Here’s her original comment, in an infographic from Twitter – but pay attention to the weblink attached to it:

Read the article and the reason I edited the late Blue Baroness’s claim should be clear:

Companies in the UK are paying their workers so little that the taxpayer has to top up wages to the tune of £11bn a year. The four big supermarkets (Tesco, Asda, Sainsburys and Morrisons) alone are costing just under £1bn a year in tax credits and extra benefits payments.

This is a direct transfer from the rest of society to some of the largest businesses in the country. To put the figure in perspective, the total cost of benefit fraud last year was just £1bn. Corporate scrounging costs 11 times that.

Worse, this is a direct subsidy for poverty pay. If supermarkets and other low-paying employers know they can secure work even at derisory wages, since pay will be topped up by the state, they have no incentive to offer higher wages.

None of this makes sense. We are all, in effect, paying a huge sum of money so that we can continue to underpay the 22% of workers who are earning below the Living Wage – the level at which it is possible to live without government subsidies. The only possible beneficiaries are business owners.

So you can see very clearly that big businesses – which are predominantly run by people who vote Conservative, are members of the Conservative Party or are donors to the Conservative Party – are clearly refusing to pay their bills. As employers they have a duty to pay a reasonable amount to their workers.

Libertarians will undoubtedly be heading for the ‘Comment’ box to claim that all contracts are valid as employees have freely entered into them – but this of course ignores the fact that people are effectively coerced into accepting unfair wage offers because government policy on unemployment benefits forces them to accept any offers given to them, and this provides an incentive for businesses to keep those offers low.

So there is an argument that none of these contracts are valid as they are not entered into by people in equal positions. Hmm…
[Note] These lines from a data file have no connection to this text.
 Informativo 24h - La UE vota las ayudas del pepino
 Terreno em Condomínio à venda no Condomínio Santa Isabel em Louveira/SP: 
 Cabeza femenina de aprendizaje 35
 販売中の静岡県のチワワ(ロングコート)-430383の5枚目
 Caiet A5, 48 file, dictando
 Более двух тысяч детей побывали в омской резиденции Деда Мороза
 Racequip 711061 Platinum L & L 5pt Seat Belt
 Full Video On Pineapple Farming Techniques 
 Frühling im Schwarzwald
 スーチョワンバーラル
Socialists of course expect people to fully fund everything that benefits them. So, for example, the NHS was founded on the principle that everybody pays a little towards the health service, to ensure that all those who need its care will benefit from it. From each according to their ability, to each according to their need. It’s an insurance policy – but, strangely, capitalists approve of private insurance but criticise the system that funds public services. Odd people.
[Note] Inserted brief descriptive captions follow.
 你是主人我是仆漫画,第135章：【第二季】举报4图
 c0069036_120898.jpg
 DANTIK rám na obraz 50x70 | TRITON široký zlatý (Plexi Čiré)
Consider also their willingness to use systems and services that are publicly-funded, while taking advantage of tax avoidance schemes to ensure that they don’t have to pay for them. That’s fraud and theft, isn’t it?

We may conclude that Mrs Thatcher was lying – and so is anybody who echoes her words or their meaning.

Also that the Conservative government is acting against contract law by forcing people into unfair employment conditions.

And that businesses are unfairly profiting from these harmful contracts.

I could go on to explain how this damages the UK economy by reducing the flow of cash through it, but you should be aware of this fact already – in practice.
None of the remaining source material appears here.